Source material:

*****

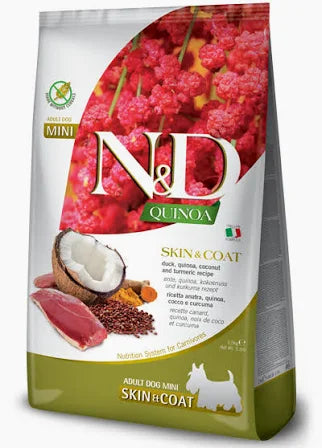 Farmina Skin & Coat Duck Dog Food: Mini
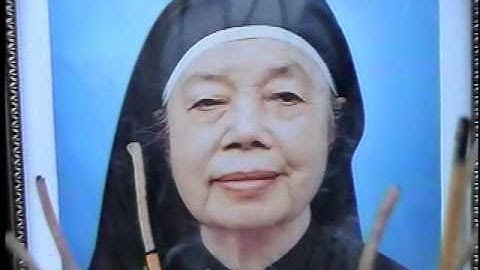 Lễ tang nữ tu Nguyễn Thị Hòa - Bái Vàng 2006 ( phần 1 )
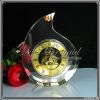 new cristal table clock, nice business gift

*****

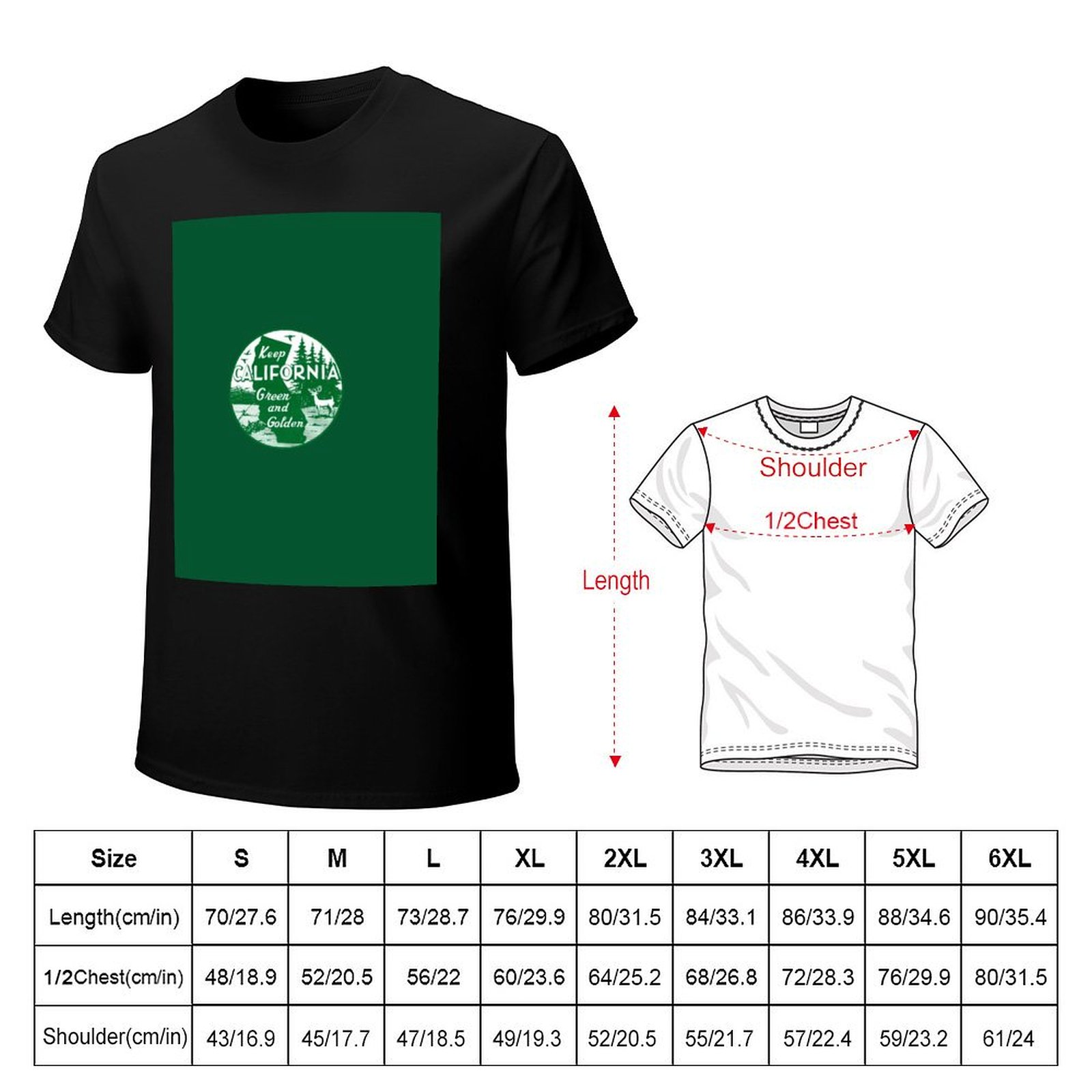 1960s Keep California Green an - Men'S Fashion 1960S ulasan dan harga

*****

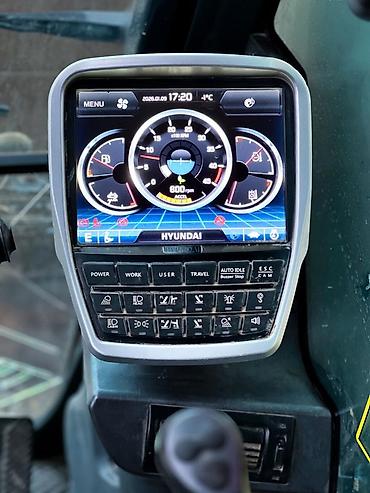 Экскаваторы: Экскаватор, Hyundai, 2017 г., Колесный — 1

*****

The problem: Above are some records; quote exactly and only the lines that begin at the line containing "Farmina Skin & Coat Duck Dog Food: Mini" and stop after the line containing "new cristal table clock, nice business gift", leaving out the pictures.

Output:
 Farmina Skin & Coat Duck Dog Food: Mini
 Lễ tang nữ tu Nguyễn Thị Hòa - Bái Vàng 2006 ( phần 1 )
 new cristal table clock, nice business gift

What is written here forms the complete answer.